Mr. Rituraj is an experienced marketing professional and that is reflected in the book. More than literary aspects it is the marketing aspects that make this book extremely fascinating. He seemed to have gone about designing his book like a marketer would design and sell a product. To start with, he seems to have got his market research right. The book has all the aspects that sell well in India today: love, sex, parent child relationships, new age philosophy, IIT, IIM, reality shows etc. Then the branding through a catchy title: ‘Love, Peace and Happiness”. It kind of conveys the theme very well. The name reminds one of ‘Love, Sex aur Dhoka’ and ‘Dil Dosti etc.”, movies with similar kind of themes. Then we have this innovative concept of actively involving the reader in the story leveraging the internet. It will be interesting to see publishers and other authors taking up this concept and developing it further.
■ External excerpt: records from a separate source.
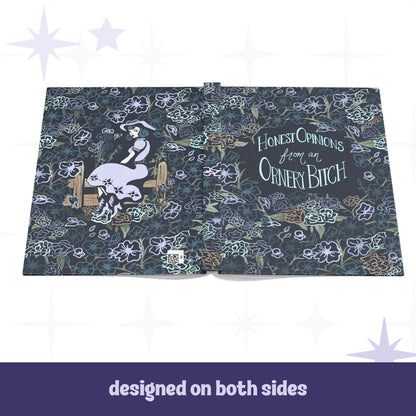 Ornery Bitch hardcover journal open flat showing full wrap design with cowgirl pinup illustration on back cover and hand-lettered text on front, dark floral pattern across both sides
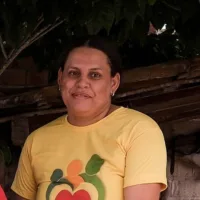 Tamires Costa Silva é uma mulher negra de cabelos escuros. Ela está de cabelo preso e usa uma blusa amarela.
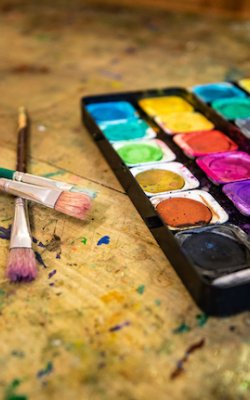 Aquarellfarben in einer Palette rechts, zwei Pinsel liegen gekreuzt auf einem bemalten Tisch links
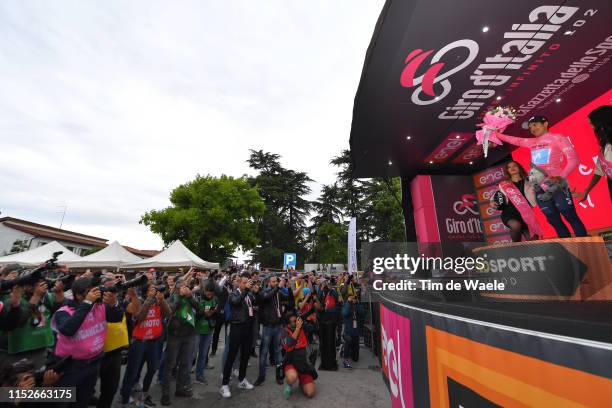 Podium / Richard Carapaz of Ecuador and Movistar Team Pink Leader Jersey / Celebration / Flowers / Press / Media / Photographers / during the 102nd...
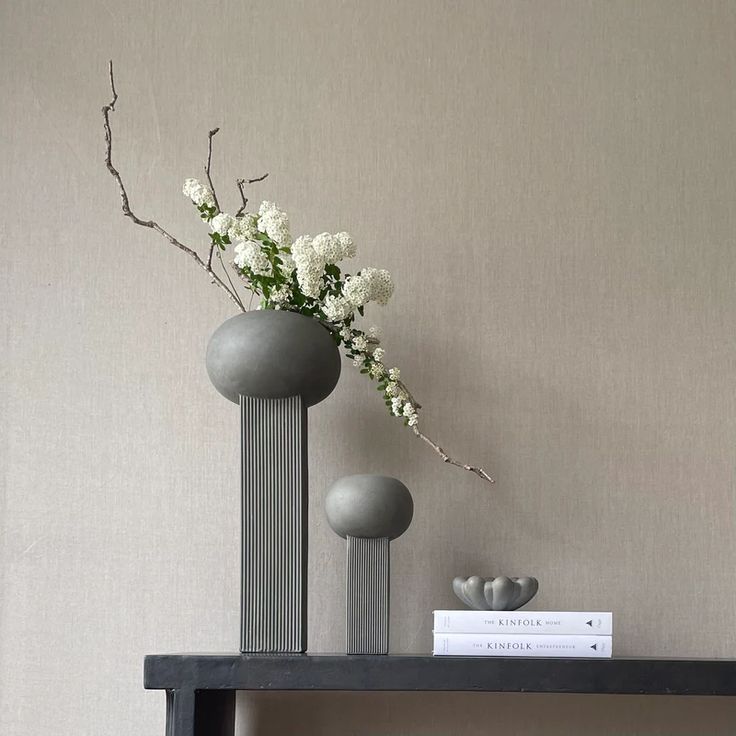 two vases with white flowers are sitting on a shelf in front of a wall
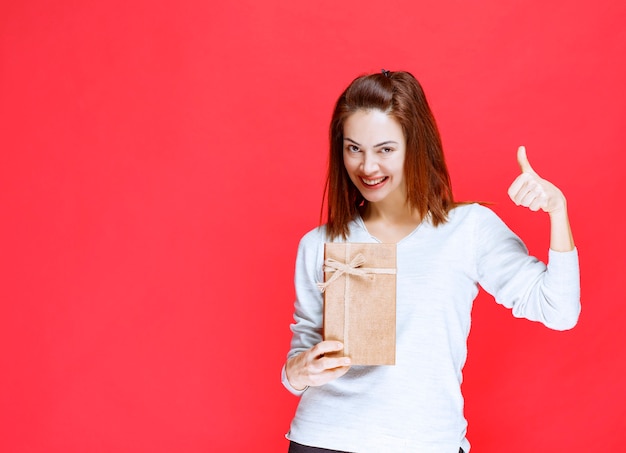 Young woman in white shirt holding a cardboard gift box and showing positive hand sign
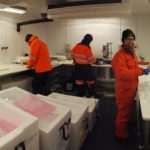 Three people in a cold laboratory.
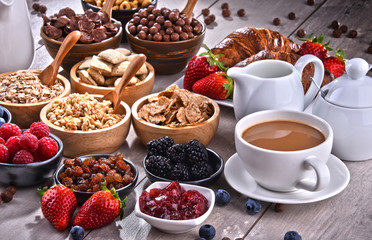 Different sorts of breakfast cereal products and fresh fruits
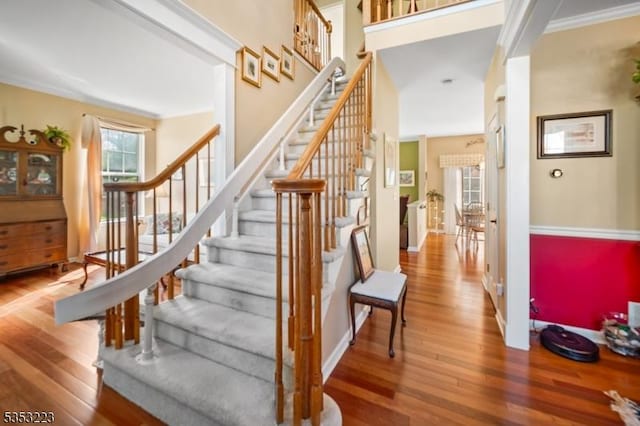 stairway featuring wood-type flooring, baseboards, and ornamental molding
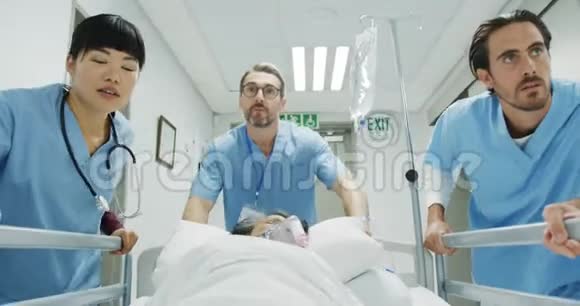 医院工作人员在紧急情况下将病人推到床上视频的预览图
In terms of content, the themes are those that Indian audience can relate to. The narrative is very simple and the stories maintain a reasonable pace that manages to hold the attention of the reader throughout. Some of the characters are memorable. He also manages to keep the reader’s attention by creating linkages between the different stories. Though the book is a collection of individual short stories, characters from one story make their appearance in other story or in some way are related to characters in other stories. So reader has to flex his mental muscle to remember the other story in which the character made an appearance, sometimes going back to the old story. This again keeps the reader awake. Of course these linkages seemed contrived at times. But I feel the advantages outweigh the disadvantages.
To maintain the balance of a review, one can’t but help point out deficiencies perceived. The first thing that comes to your mind is that he is no magician with words. This is an advantage as well, as it helps connect to a wider audience rather than being restricted to a select class of people. Another aspect was that I could not personally relate to most of the situations in the stories. The story is supposed to be about middle aged middle class folks. But I have encountered no such situations in my life and that of my friends. It seemed quite alien to me though I belong to the class the book is supposed to be about. It seems more relevant to younger or more affluent circles. Or could be it is just me as the author claims the stories are derived from personal experiences.
All in all, if not from a pure literary angle, it is definitely worth a try for the marketing aspects. 200 pages in big font and simple language and priced at around 150 Rs, it taxes neither your time nor your finances. Though if the author wanted to involve me in the pricing like in the story endings, I would have suggested a price of Rs. 95 like Chetan Bhagat books.